Casa Alugada
Tem muitas famílias que programam o ano inteiro para curtir as férias no litoral, alugando casa e até apartamento para temporada. E quando os locatários são só marmanjos é fácil de identificar porque eles amontoam latinhas de cervejas na frente da residência e colocam no último volume da caixa de som do automóvel, as piores músicas do sertanejo universitário para a vizinhança compartilhar. E todos eles acham que têm direito de gritar de quando em quando, soltar foguetes e falar em voz alta, sem respeitar o sossego alheio. E quando saem em bando, a pé, para irem à praia carregam duas ou três caixas de isopor com latinhas de cerveja, cadeiras e guarda-sol, tudo com intuito de só retornarem quando a noite chegar.
Acho que são adeptos da “Teoria da Libertação” do Boff -, pois vale tudo para ser feliz! Mal comparando parecem membros de uma mesma seita de branquelos e mulheres carcomidas recém-saídas da roça, com crianças elétricas e prontas para se afogarem ao primeiro mergulho. E se você tiver curiosidade para saber em quais cidades residem, dizem as más línguas que nove entre dez veranistas vem de Irati, Campo Mourão, Cidade Gaúcha, Ponta Grossa, Pato branco, Cascavel, Ivaiporã e Piraquara.
Eu sentado na cadeira da área em frente de casa fico imaginando tudo isso e mais alguma coisa, quando olho um novo cortejo de outros “iguais” passarem pela rua, há poucos metros de onde estou tirando estas minhas conclusões. São mais ou menos umas dezoito pessoas, velhos, jovens e crianças falando alto e sem se importarem com a chuva. Sem esconder, também, que há três casas da minha esquerda, tem uma propriedade alugada que pode abrigar confortavelmente umas doze pessoas, só que tem quase quarenta.
Especulei e fiquei sabendo que é uma família de São Jerônimo da Serra, eles chegaram ontem à noite e vieram em sete veículos. Eu sei quando chegaram porque não consegui mais dormir: fizeram churrasco que esfumaçou e cheirou por toda a rua até o amanhecer do dia, muitos brincaram dentro de uma pequena piscina sem medo da chuva. E para desespero da vizinhança dentre eles tem um único acordeonista que dedilhou horas a fio o maldito instrumento sem parar, tentando tocar tudo que tem direito, só acho que não sabia muito bem, pois não chegou a terminar nenhuma música que começou.

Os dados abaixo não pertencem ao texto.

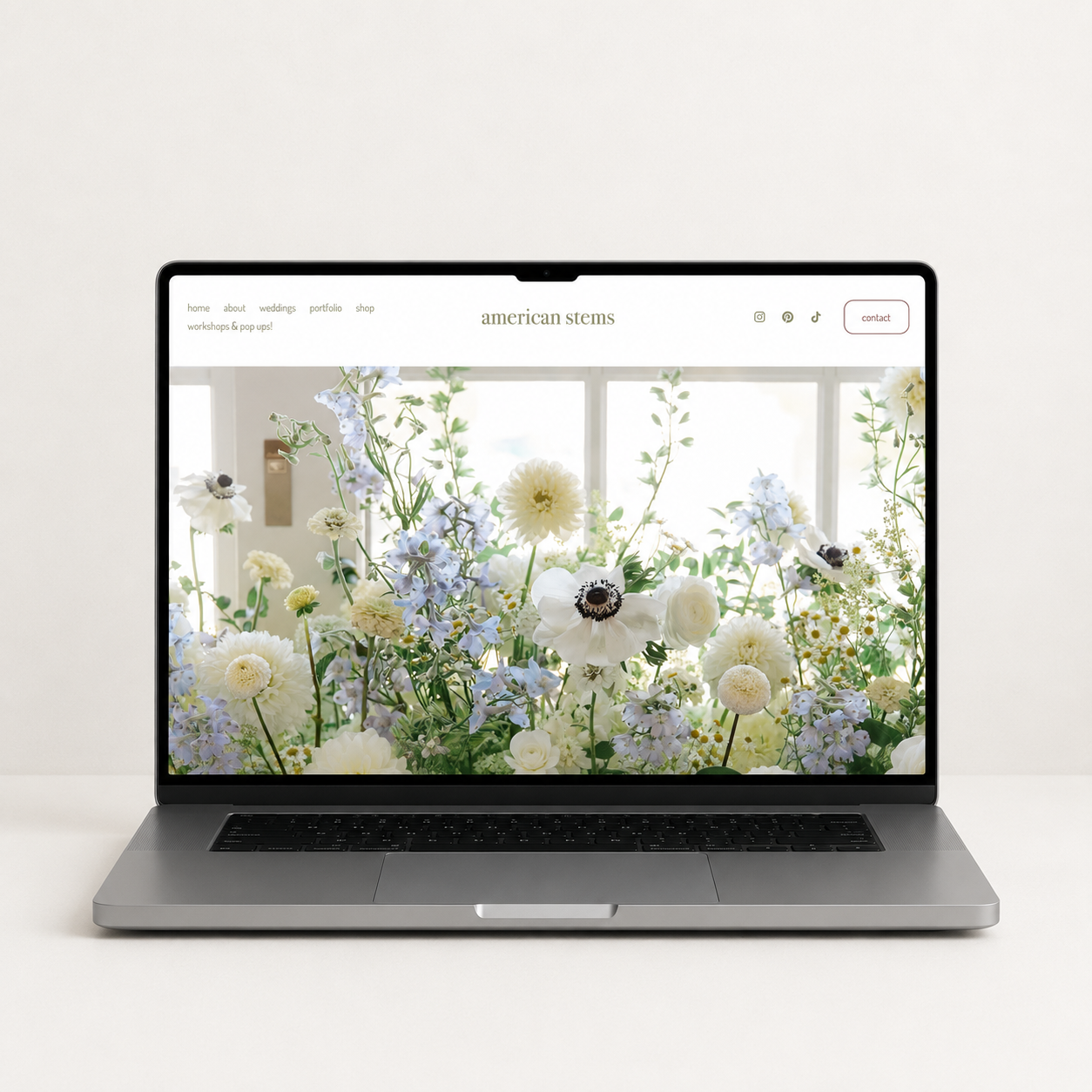 A laptop on a wooden desk displaying a website, with a glass vase of pink roses, a small terracotta pot with pencils, a notepad, and a large metal bucket with white and pink flowers in the background.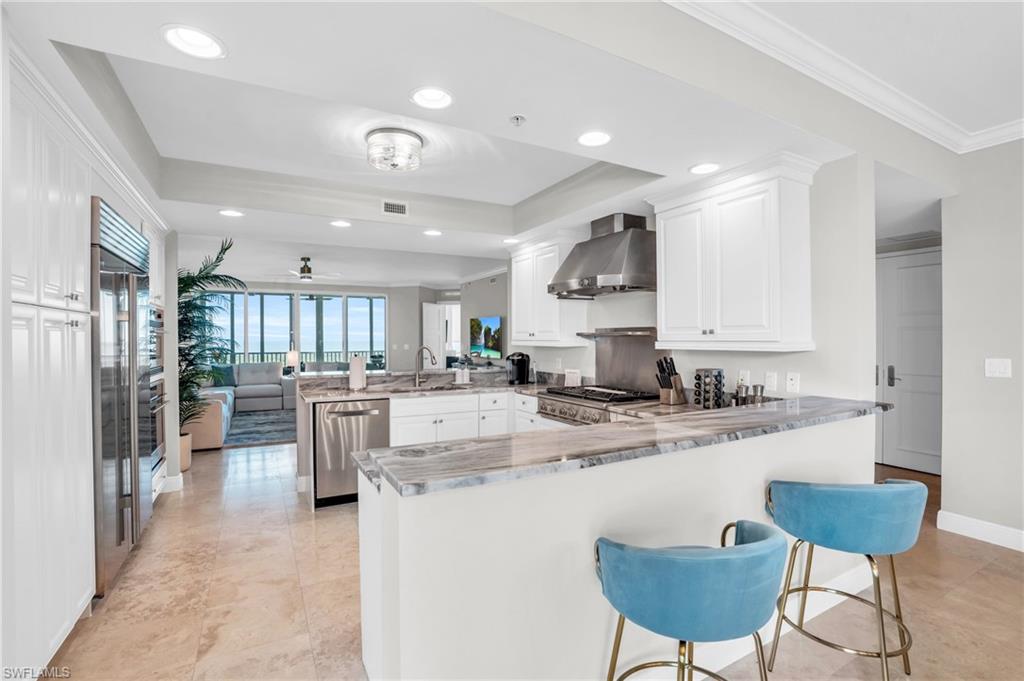 Kitchen with white cabinetry, kitchen peninsula, wall chimney range hood, and stainless steel appliances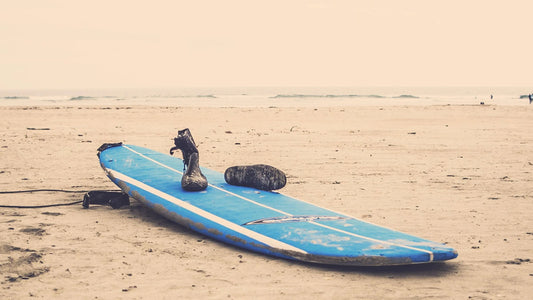 blue surfboard laying on the beach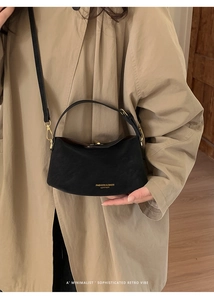Detail of black leather bucket bag with gold logo on a model wearing a beige trench coat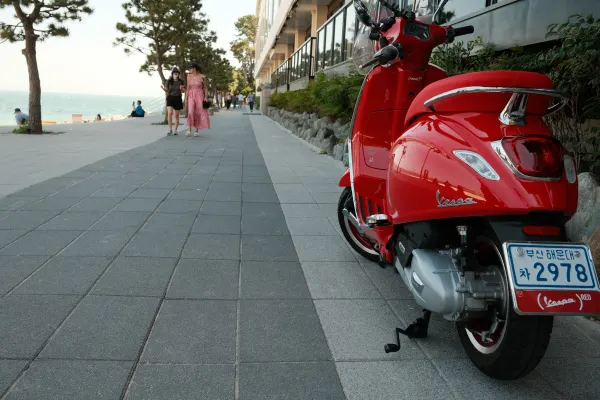 A red scooter parked beside a seaside promenade
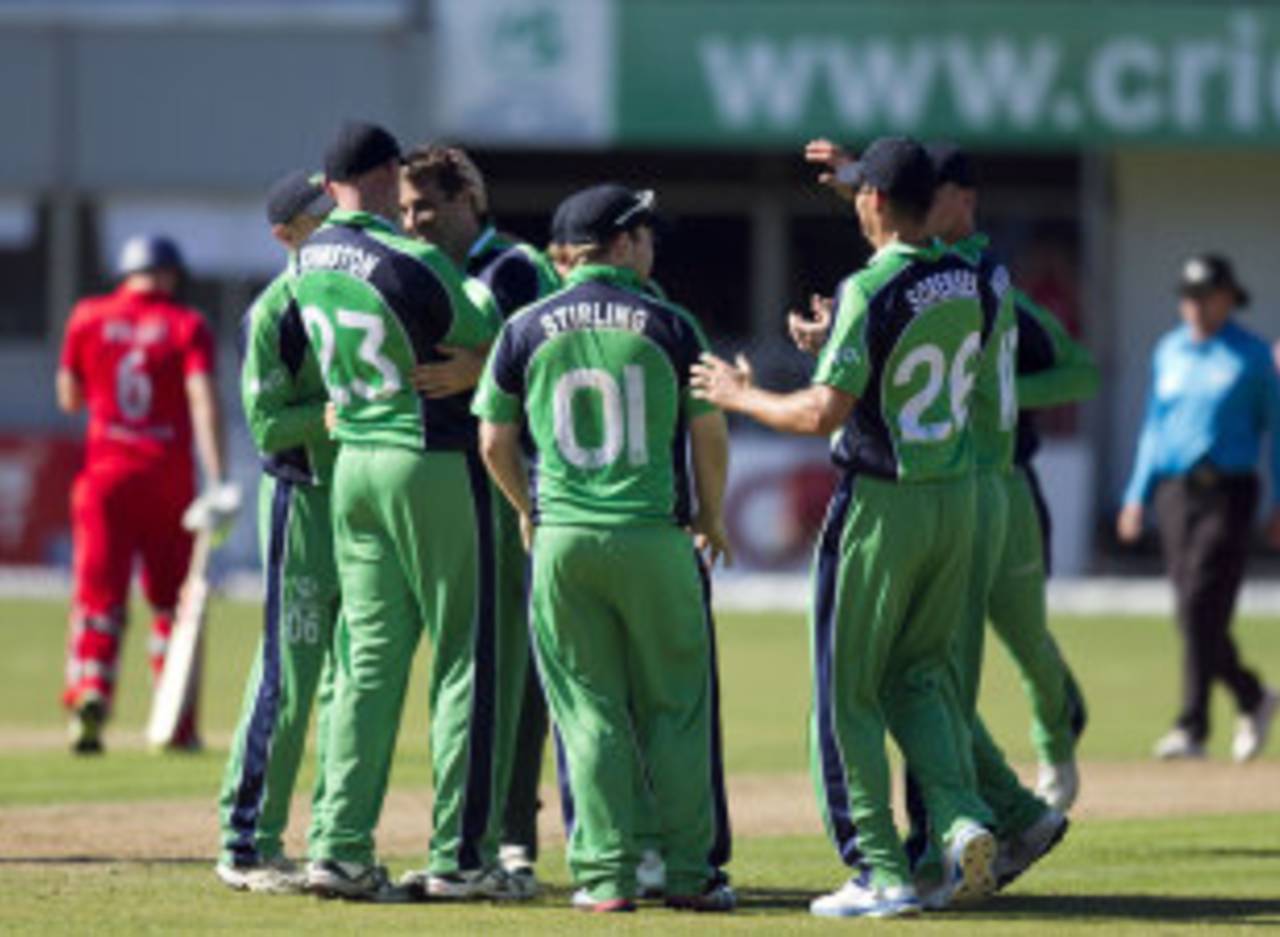 Ireland's players form a huddle around Tim Murtagh, Ireland v England, one-off ODI, Malahide, September 3, 2013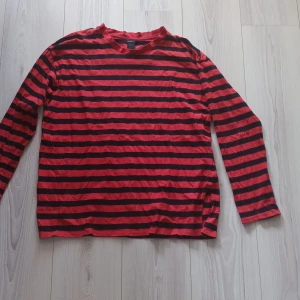 Röd och svart randig tröja från Lindex - Säljer en röd och svart randig tröja från Lindex. Tröjan har långa ärmar och en klassisk rund halsringning. Det är dåck ett litet hål i ärmen men igent märkvärdigt. Perfekt för en avslappnad stil. Hör av dig vid intresse!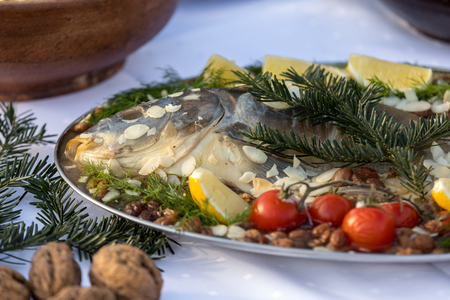 carp with lemon, almonds and cherry tomatoes on the plateの写真素材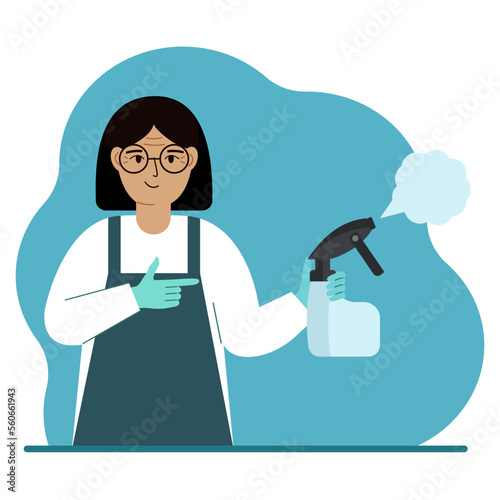 A woman in gloves holds a spray bottle with disinfectant liquid, antiseptic or detergent. Home disinfection and hygiene.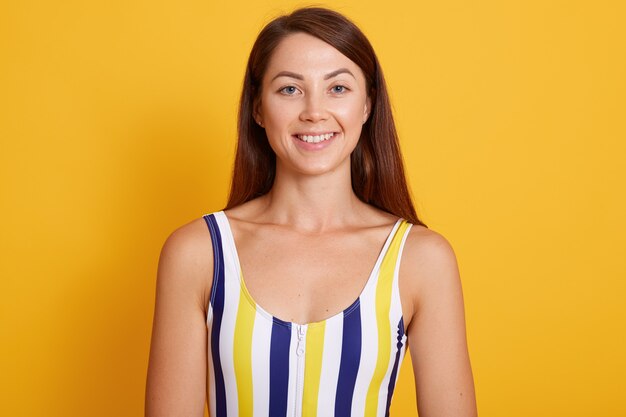 A mulher de cabelo escura bonita vestida o terno de natação listrado está sorrindo. levantamento fêmea isolado sobre a parede amarela. conceito de pessoas.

A folia dos “novos” vizinhos só parou quando a polícia chegou. Acredito que algum vizinho incomodado é que deve ter chamado. Putz, só fico imaginando o que vai sobrar da casa depois que essa turma for embora. Infelizmente ninguém mais cuida do que é dos outros. São poucos os inquilinos civilizados e cumpridores de obrigações. Neste exato momento o bairro está calmo, a turba de madrugadores deve estar dormindo ou foi à praia.
Se estiver dormindo acho que terei de enfrentar uma nova noite de “serenata” entremeada de muita conversa e ao som da gaita. Na dúvida vou rezar para que chova mais forte e que o frio traga um pouco de neve, para arrefecer os ânimos dessa gente que parece ser possuída por bicho carpinteiro por todo o corpo...
“Quando na vizinhança da praia alguém aluga uma casa para terceiros é pior que mosquito da dengue. Dá dor de cabeça, enjoo, desânimo e irritação. Mas faz parte das férias. Quem não quiser se incomodar, que vá acampar no deserto de Atacama.”